I am trying to figure out a way to view my mesh as I would view it if it were a solid object in real life. That is, I want the perspective in blender to match real life perspective, and I have no idea how to do this. I know I can mess around with the lens value, but really that is just guess work and I would like get it exact or as close as possible to real perspective. I have heard that setting the lense value to 55-60 mimics the human eye, but that doesn’t work. The perspective still looks warped. I would think having a feature that matches the perspective to real life perspective would be standard as having a mesh that looks the way it would in real life seems like a pretty basic necessity.
you can find some object of simple geometry, like door and corner of the room, and take all the measurements. Then build a simple scene and scale and position objects accordingly. (don’t forget to set units to metric or imperial) then you can use good old pencil measurement method to get the proportions just right http://drawinghowtodraw.com/stepbystepdrawinglessons/wp-content/uploads/2010/01/08thethumbandpenmethodforfindingproportions.png
Two things to remember:
- Blender’s default scale is 1m / BU (so the default cube is actually pretty huge).
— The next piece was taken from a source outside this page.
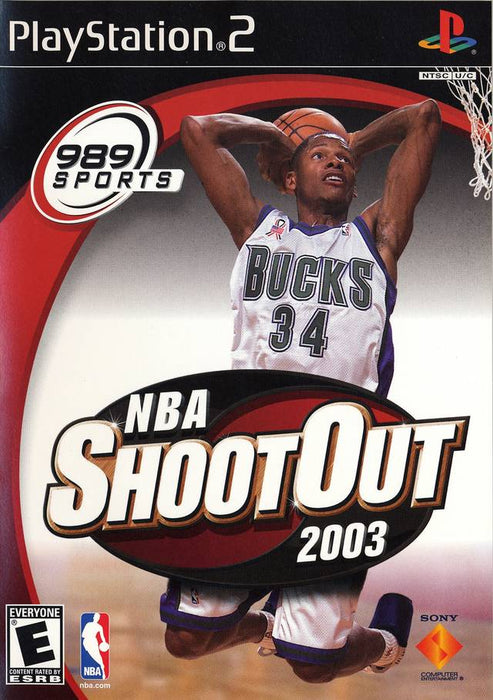 NBA Shootout 2003 (Playstation 2) - for just $0!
Keep this in mind when checking scales.
- If you set Blender’s camera to the same focal length as your eye, then the camera would see everything your eye would see… except that the onscreen camera view is only a small sector of what you can see. An easy way to see what I’m talking about is to set it to that seemingly warped focal length, and then lean forward until your nose (almost) touches the screen. The “distortion” will largely “correct itself”, since the screen-eye image is now mapped in a more realistic manner.